Thus, count of duplicate elements = Index of the last occurrence - Index of the first occurrence + 1
Example of finding the count of duplicate numbers using binary search
Time complexity of finding count of duplicate numbers using binary search in a sorted array : Log ( N )
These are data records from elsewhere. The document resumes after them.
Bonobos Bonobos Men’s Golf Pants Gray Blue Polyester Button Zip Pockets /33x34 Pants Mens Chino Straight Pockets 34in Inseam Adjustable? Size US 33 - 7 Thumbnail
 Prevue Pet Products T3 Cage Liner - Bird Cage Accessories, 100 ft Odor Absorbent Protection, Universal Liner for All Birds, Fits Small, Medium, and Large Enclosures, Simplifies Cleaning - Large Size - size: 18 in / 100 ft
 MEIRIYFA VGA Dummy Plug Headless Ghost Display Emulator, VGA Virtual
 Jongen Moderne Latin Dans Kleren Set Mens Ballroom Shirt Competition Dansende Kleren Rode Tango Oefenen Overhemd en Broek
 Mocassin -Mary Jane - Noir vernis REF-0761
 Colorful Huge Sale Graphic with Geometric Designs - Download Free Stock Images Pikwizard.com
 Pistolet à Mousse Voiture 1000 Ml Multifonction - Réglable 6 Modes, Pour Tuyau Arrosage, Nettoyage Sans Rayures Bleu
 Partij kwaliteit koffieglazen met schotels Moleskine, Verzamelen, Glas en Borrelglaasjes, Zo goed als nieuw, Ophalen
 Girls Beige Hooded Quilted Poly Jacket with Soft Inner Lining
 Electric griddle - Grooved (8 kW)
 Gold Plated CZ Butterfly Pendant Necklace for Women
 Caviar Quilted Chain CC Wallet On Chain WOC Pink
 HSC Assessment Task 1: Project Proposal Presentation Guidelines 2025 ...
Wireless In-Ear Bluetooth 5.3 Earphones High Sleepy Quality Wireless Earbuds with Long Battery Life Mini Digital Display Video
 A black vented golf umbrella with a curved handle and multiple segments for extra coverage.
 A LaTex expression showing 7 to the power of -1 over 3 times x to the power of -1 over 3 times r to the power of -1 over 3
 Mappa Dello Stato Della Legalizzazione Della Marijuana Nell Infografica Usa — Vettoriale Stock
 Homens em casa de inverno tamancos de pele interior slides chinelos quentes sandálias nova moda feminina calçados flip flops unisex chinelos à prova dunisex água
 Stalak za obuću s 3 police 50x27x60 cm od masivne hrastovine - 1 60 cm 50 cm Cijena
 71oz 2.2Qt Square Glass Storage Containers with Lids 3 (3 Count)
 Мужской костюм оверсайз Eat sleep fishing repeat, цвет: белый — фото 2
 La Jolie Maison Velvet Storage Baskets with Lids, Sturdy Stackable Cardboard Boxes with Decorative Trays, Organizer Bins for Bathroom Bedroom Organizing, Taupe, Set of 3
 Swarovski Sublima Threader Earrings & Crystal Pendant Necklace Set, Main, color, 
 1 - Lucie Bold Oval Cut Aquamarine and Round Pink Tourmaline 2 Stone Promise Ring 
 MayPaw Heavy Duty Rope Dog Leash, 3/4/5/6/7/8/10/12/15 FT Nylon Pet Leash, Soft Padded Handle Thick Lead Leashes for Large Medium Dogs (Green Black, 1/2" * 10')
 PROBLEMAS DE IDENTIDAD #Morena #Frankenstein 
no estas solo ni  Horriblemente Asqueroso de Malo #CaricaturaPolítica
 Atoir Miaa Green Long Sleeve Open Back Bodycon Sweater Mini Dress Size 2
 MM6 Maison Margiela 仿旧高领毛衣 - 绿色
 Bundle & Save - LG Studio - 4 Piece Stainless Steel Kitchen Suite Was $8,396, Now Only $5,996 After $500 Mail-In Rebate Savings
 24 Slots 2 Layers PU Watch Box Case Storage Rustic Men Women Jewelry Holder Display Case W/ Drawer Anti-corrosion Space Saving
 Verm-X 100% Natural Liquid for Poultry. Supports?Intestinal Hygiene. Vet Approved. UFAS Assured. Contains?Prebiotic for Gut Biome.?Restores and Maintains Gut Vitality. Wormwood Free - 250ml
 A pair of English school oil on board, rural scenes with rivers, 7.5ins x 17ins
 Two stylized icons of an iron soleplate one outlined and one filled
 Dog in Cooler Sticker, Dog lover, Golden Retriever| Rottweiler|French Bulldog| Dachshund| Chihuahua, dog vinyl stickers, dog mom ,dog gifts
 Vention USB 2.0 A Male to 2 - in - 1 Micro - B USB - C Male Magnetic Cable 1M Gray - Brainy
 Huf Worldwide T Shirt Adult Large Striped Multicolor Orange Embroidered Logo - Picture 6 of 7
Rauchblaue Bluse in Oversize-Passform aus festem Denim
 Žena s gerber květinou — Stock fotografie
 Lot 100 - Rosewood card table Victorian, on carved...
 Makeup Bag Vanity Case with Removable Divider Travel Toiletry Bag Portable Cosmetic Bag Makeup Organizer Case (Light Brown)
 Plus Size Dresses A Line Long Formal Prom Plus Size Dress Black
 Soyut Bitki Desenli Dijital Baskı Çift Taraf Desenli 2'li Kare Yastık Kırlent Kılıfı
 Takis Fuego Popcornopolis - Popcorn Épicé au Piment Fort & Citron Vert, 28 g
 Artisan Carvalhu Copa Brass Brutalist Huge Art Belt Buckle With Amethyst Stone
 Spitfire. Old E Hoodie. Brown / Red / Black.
Integer range is -2,147,483,648 to 2,147,483,647. If you are searching in an array of size 2,000,000,000 and the element searched for is located at index 1,999,999,999. When you search in the upper half of array, beg=1,000,000,001 and end=2,000,000,000. If mid is calculated as (low+high)/2, low+high = 3,000,000,001; which exceeds the range of int, resulting in overflow errors. But mid calculated as beg + (end-beg) = 1,000,000,001 + 999,999,999 = 2,000,000,000; which fits in the integer range.
Java
public class FindDuplicates {
int FirstOccurrence (int[] array, int n) {
int beg = 0;
int end = array.length - 1;
while (beg <= end) {
int mid = beg + (end-beg)/2;
if (array[mid] == n) {
if (mid-1 >= 0 && array[mid-1] == n) {
end = mid-1;
continue;
}
return mid;
}
else if (array[mid] < n)
beg = mid + 1;
else
end = mid - 1;
}
return -1;
}
int LastOccurrence (int[] array, int n) {
int beg = 0;
int end = array.length - 1;
while (beg <= end) {
int mid = beg + (end-beg)/2;
if (array[mid] == n) {
if (mid+1 <= array.length && array[mid+1] == n) {
beg = mid + 1;
continue;
}
return mid;
}
else if (array[mid] < n)
beg = mid + 1;
else
end = mid - 1;
}
return -1;
}
public static void main(String[] args) {
int[] array = { 1, 2, 3, 9, 9, 9, 9, 10, 10, 12, 13 };
int first_index, last_index, n;
n = 9;
FindDuplicates fd = new FindDuplicates();
first_index = fd.FirstOccurrence(array, n);
last_index = fd.LastOccurrence(array, n);
if (first_index == -1 || last_index == - 1) {
System.out.println("Element does not exist");
} else {
System.out.println("First Occurrence of " + n + " is at index : " + first_index);
System.out.println("Last Occurrence of " + n + " is at index : " + last_index);
System.out.println("Total Count : "+ (last_index - first_index + 1));
}
fd = null;
}
}
Output of Binary Search implementation to find the count of duplicate elements in an array
First Occurrence of 9 is at index : 3
Last Occurrence of 9 is at index : 6
Total Count : 4
Python
#!/usr/bin/python3
def FirstOccurrence ( array, n) :
beg = 0;
end = len(array) - 1;
while (beg <= end) :
mid = int (beg + (end-beg)/2)
if (array[mid] == n) :
if (mid-1 >= 0 and array[mid-1] == n) :
end = mid-1
continue
return mid
elif (array[mid] < n) :
beg = mid + 1
else :
end = mid - 1
return -1
def LastOccurrence (array, n) :
beg = 0;
end = len(array)-1
while (beg <= end) :
mid = int(beg + (end-beg)/2)
if (array[mid] == n) :
if (mid+1 <= len(array) and array[mid+1] == n) :
beg = mid + 1
continue
return mid
elif (array[mid] < n) :
beg = mid + 1
else :
end = mid - 1;
return -1;
array = [ 1, 2, 3, 9, 9, 9, 9, 10, 10, 12, 13 ]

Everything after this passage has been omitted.